## EXERCISE DATA
★ ★ ★ ★ ★ ★ ★

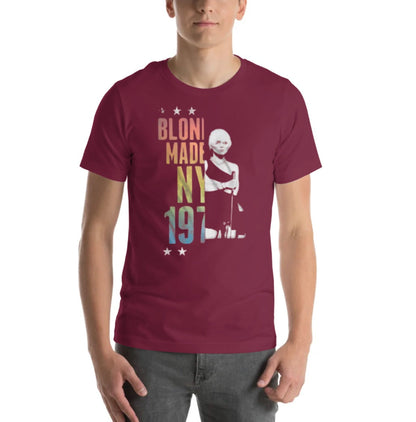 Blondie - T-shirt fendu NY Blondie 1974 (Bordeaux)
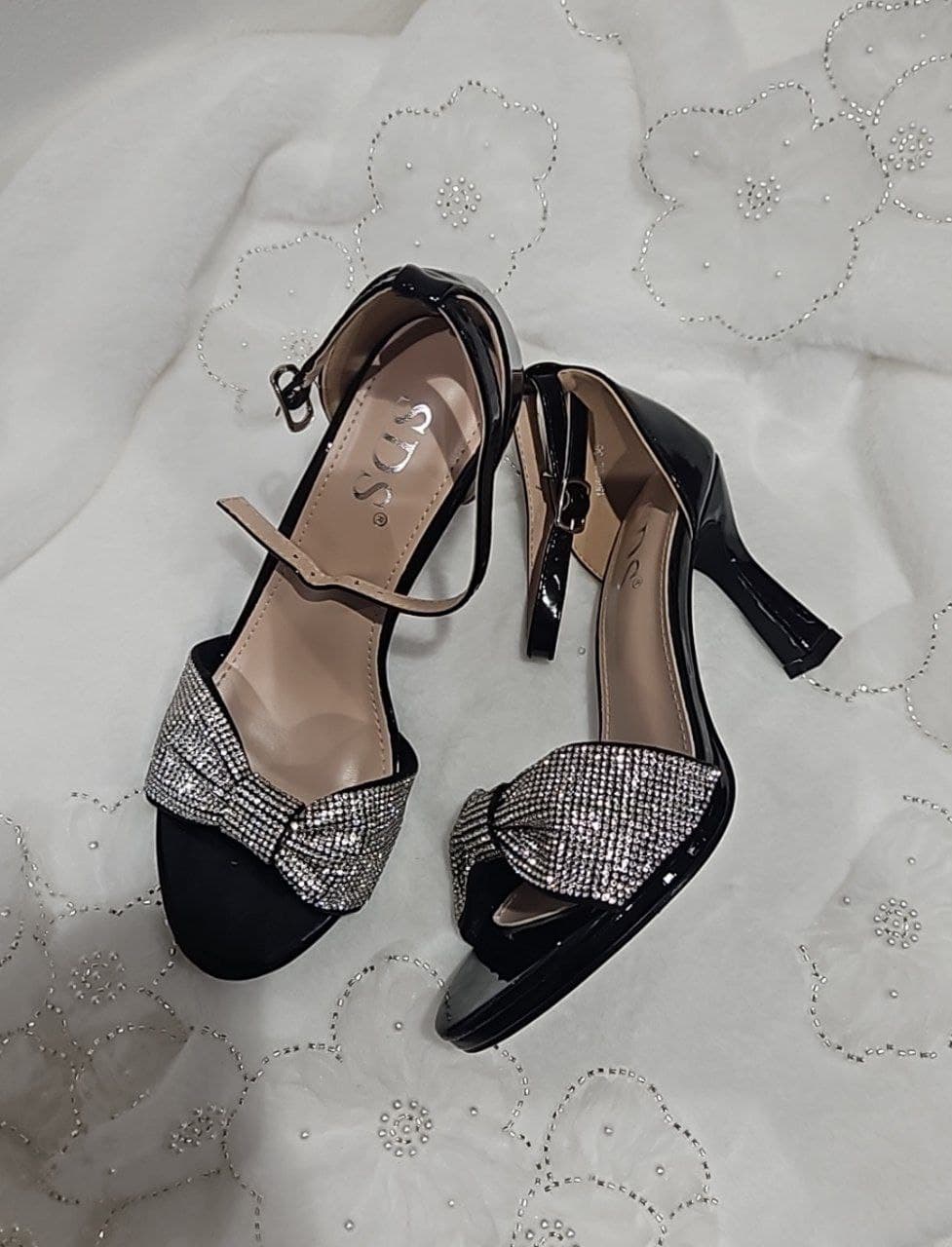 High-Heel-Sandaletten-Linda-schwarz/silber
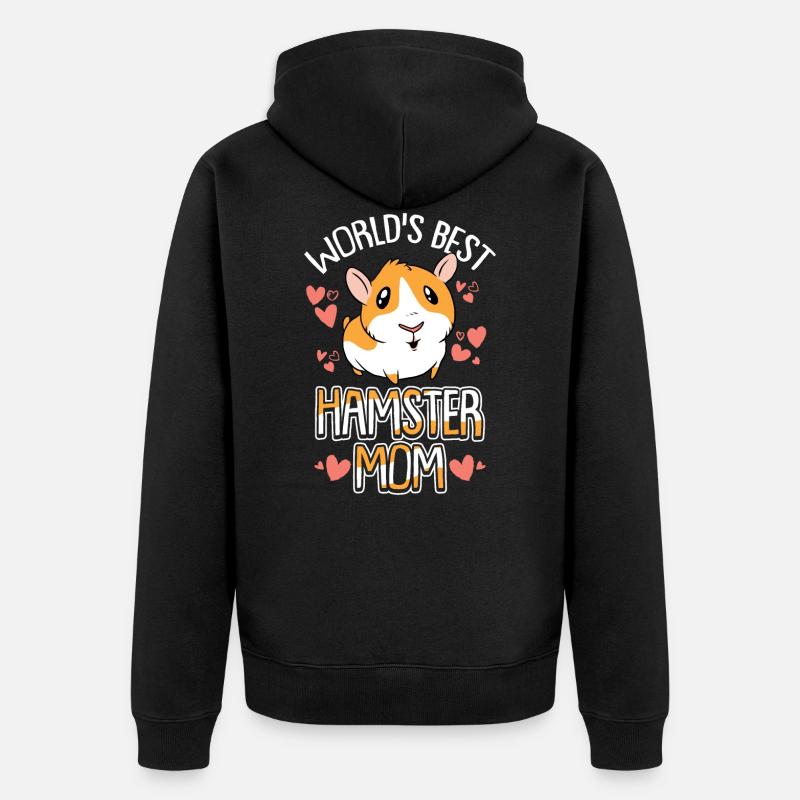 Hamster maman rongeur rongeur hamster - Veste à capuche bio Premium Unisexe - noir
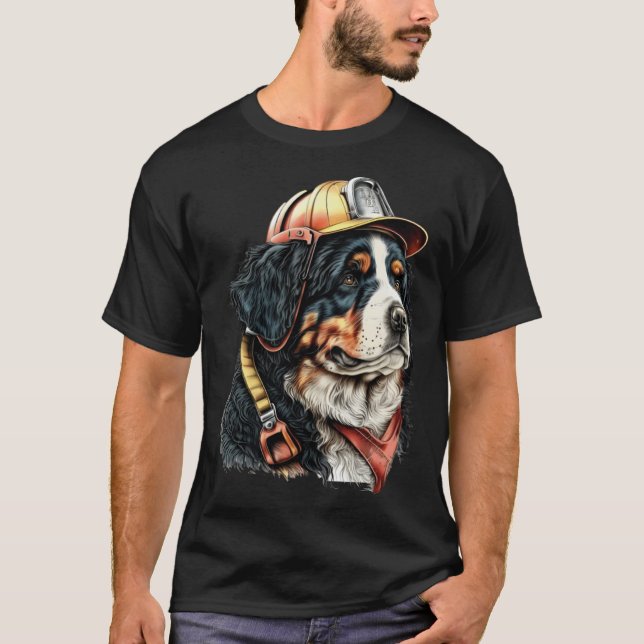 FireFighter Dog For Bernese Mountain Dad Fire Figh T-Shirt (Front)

★ ★ ★ ★ ★ ★ ★

## WHAT IS REQUIRED
Everything in the material except the pictures should be output verbatim.

## EXERCISE RESULT
 Blondie - T-shirt fendu NY Blondie 1974 (Bordeaux)
 High-Heel-Sandaletten-Linda-schwarz/silber
 Hamster maman rongeur rongeur hamster - Veste à capuche bio Premium Unisexe - noir
 FireFighter Dog For Bernese Mountain Dad Fire Figh T-Shirt (Front)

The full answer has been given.